For vision we are much more sensitive to large scale detail (corresponding to low frequency FFT components) than fine scale detail (corresponding to high frequency components), so given the goal of minimizing reduction in perceived quality this is an obvious place to start - throw away some of that fine detail (highest frequency FFT components), and it may not even be noticeable at all if you are throwing away detail at a higher level of resolution than we are able to perceive.
It turns out that human vision is more sensitive to brightness than color (due to numbers of retinal rods vs cones, etc), so compression can also take advantage of that to minimize perceptual degradation, which is what JPEG does - first convert the image from RGB to YUV color space, where the Y component corresponds to brightness and the U,V components carry the color information, then more heavily compress the color information than brightness by separately applying FFT (actually DCT) to each of the Y,U,V components and throwing away more high frequency (fine detail) color information than brightness.
But, yeah, there is no magic and lossy compression is certainly going to be increasingly noticeable the more heavily you compress.
This isn't true in practice - images are not bandlimited like audio so there aren't really visual elements of images corresponding to low frequency cosine waves. That's why the lowest frequency DCT coefficient in a JPEG image is 16x16 pixels, which is hardly large scale.
But you do quantize all components of the DCT transform, not just the highest ones.
Actually in the default JPEG quantization matrix it's the coefficient to the upper-left of the last one that gets the most quantization: https://en.wikipedia.org/wiki/Quantization_(image_processing...
In terms of understanding how JPEG compression works, and how it relates to human perception, I'd say that in order of importance it's:
1) Throw away fine detail by discarding high frequency components
2) More heavily compress/discard color than brightness detail (using YUV)
3) Quantize the frequency components you are retaining
The reason it works is that fine detail is almost completely correlated across colors, so if you only keep the Y plane at full resolution it still stores it.
You couldn't just throw it out in RGB space because eg text would be unreadable.
It doesn't have the same effect because the original high frequency details are correlated and so they're preserved in the Y channel.
Also a related fact is that the rate of change of a sine wave is itself shifted by pi/2, while the exponential curves need no shifting. I'm not a professional in these matters, but I guess there is a deeper connection between the rate of change and the static world.

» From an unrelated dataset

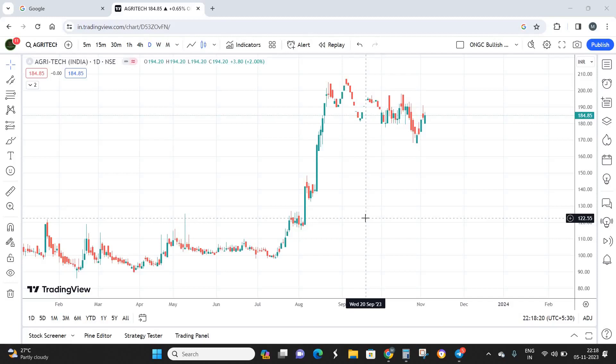Hello everyone, welcome back to Trade Masters channel where we decode the toughest stocks with the simplest technical patterns. Today we are going to analyze a micro cap company called Agritech India. This is a request from one of our YouTube subscribers, and if you want us to analyze any particular stock, you can comment the name in the comment section below.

That sounds complicated but if you look at the integral the exponential kernel is essentially a continuous “matrix” and the function you are integrating over that kernel is a continuous vector.
This observation on can be a guide to better understand infinite dimensional Hilbert spaces ( inner product space + stuff) and is one of the core observations in quantum mechanics where it’s part of the particle-wave concept as it transforms location space -> momentum space.